Indeed, the methods are so innovative and the learning so efficient that within one semester students display 4-skills competence indistinguishable from native English speakers – at least the somewhat more stilted types of native speakers that populate English textbooks. The new student-centered activities sections have also made learners egocentric, hedonistic devotees of an urbane, bourgeois lifestyle often completely at odds with those of their surrounding cultures. In fact, students seem so transformed by their exposure to this textbook that their former linguistic and cultural identities completely disappear. Students leave classes having conversations about “their hobbies” or “their weekend plans” apparently never reverting to their former Spanish, Chinese, or Qatari selves, becoming strangers to their families and neighbors. Putting aside the decimation of local communities, the new presentation of language items is much improved. At least in municipialities where the new Interchange books have been used, few among the educated classes speak any language than Standard American English.

As one can imagine, the local and national governments of these areas have taken steps to discourage (to put it delicately) the use of the new, unprecedentedly effective Interchange books. Indonesia has taken an early lead in this regard, suspending visas for foreign English teachers and confiscating all (even previous editions of) Interchange. Police are being trained to conduct interrogations in Standard American English (“Excuse me, / I was wondering if / you would mind / telling me your political affiliations”). There are stories of language store owners being detained by paramilitary groups, although not with an official government mandate as yet (Liong, in publication). As if in anticipation of these events, Cambridge University Press made the electronic edition of Interchange purchasable with a variety of virtual currencies and viewable from within a browser window on any phone. The spread of Interchange 13th ed. and its devastating research-based methodology has therefore been impossible to stem.

An explosive rise in vigilantism has been another effect of the pedagogic success of Interchange.

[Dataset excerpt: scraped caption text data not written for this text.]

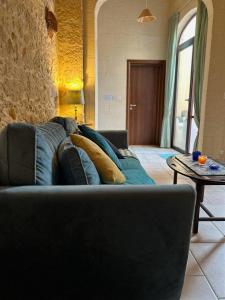 Tal-Bambinu Boutique B&B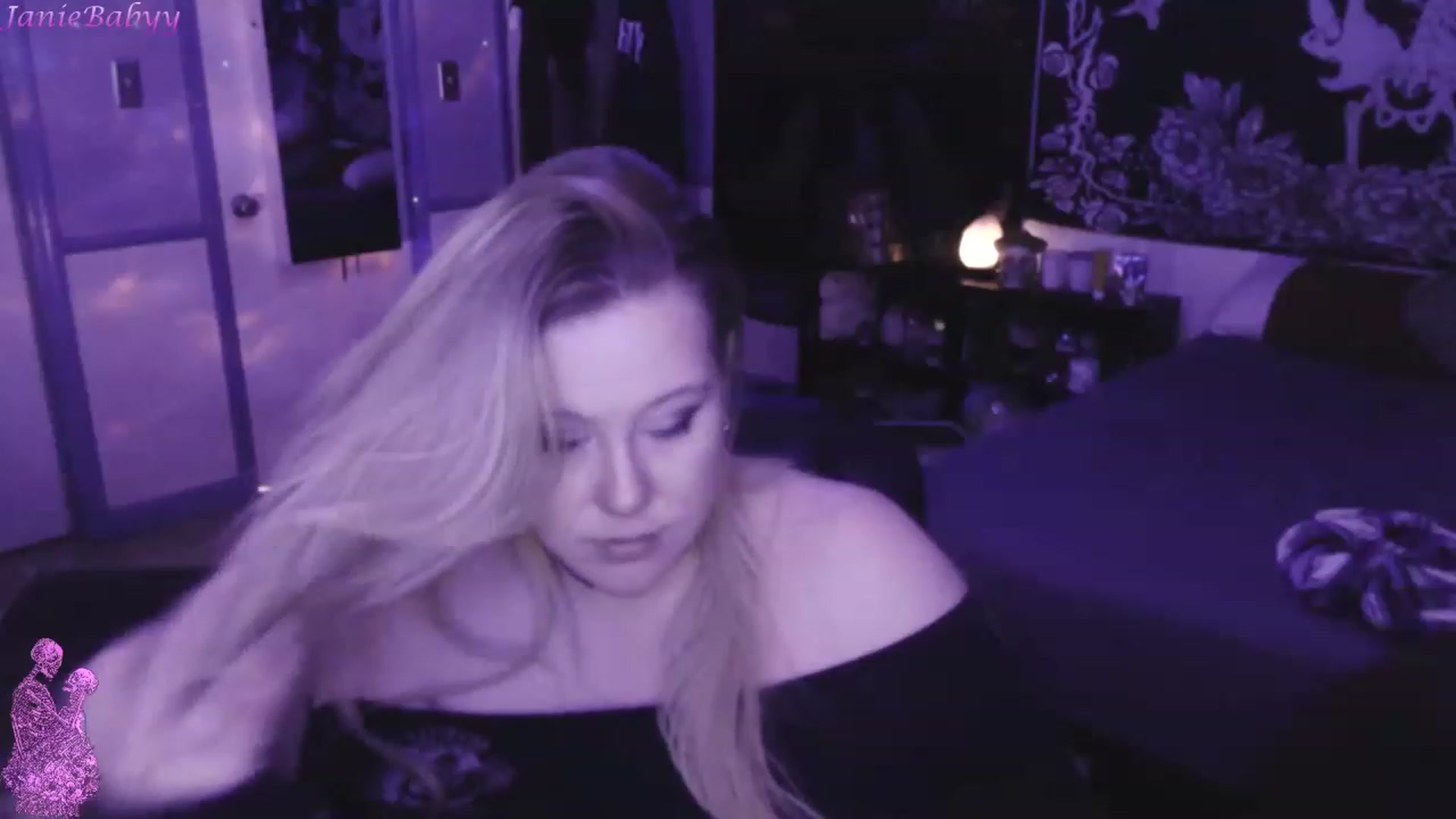 Gallery image thumbnail from JanieBabyy's myfreecams stream on, 03/20/2023, 16:22 image 5 of 20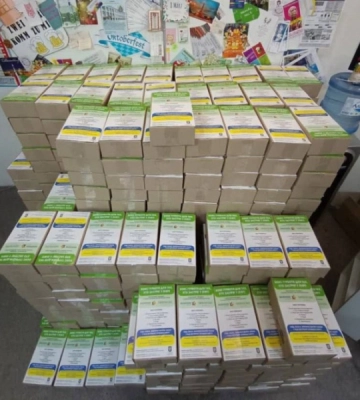 У ліфтах київських багатоповерхівок розмістять 5 тисяч коробок з водою та печивом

With the mitigation of distinct linguistic and cultural identities, societies have seen rising racism and other quasi-biological ideologies of difference that seek to reify formerly “obvious” national and ethnic borders. Informal communities of practice, usually composed of young men (although posses might be a better word) roam city blocks like the home of this publication in Tokyo, seeking to enforce ethnic unity on a purely physical basis – length of nasal bridge, eye color, hair texture, attached earlobe, etc. and interrogating those who deviate in impeccable textbook English (“Oh, my! Just have a look at his nose, will you? It seems quite wide for a Han, doesn’t it?”). Pre-existing ideologies of racial difference, present if marginal in many societies, have been used as historical justification for what amounts to racial terror. Because language use, especially in the age of Interchange 13th ed., does not reliably correlate with racial characteristics, this phenomenon has not directly victimized English speakers, but rather visible minorities of any language background. As such, it is better seen as a side effect of the extreme English fluency brought about by Interchange than as a countervailing force.

Foreign English teachers like this writer find themselves trapped between governments’ anti-English programs on one hand and paramilitary groups’ informal efforts at racial homogenization on the other. One hopes that this review, and further revisions to the Interchange series, help to reverse current deleterious trends in geopolitics even at the expense of the rapid and effortless English mastery present in its current edition.


Liong, W. (2058). Governmental and non-governmental revanchist efforts in linguistically flattened societies. The Language Teacher, 82(3), 45-59.

Nagatomo, D. H. (2013). The advantages and disadvantages faced by housewife English teachers in the cottage industry Eikaiwa business. The Language Teacher, 37(1), 3-7.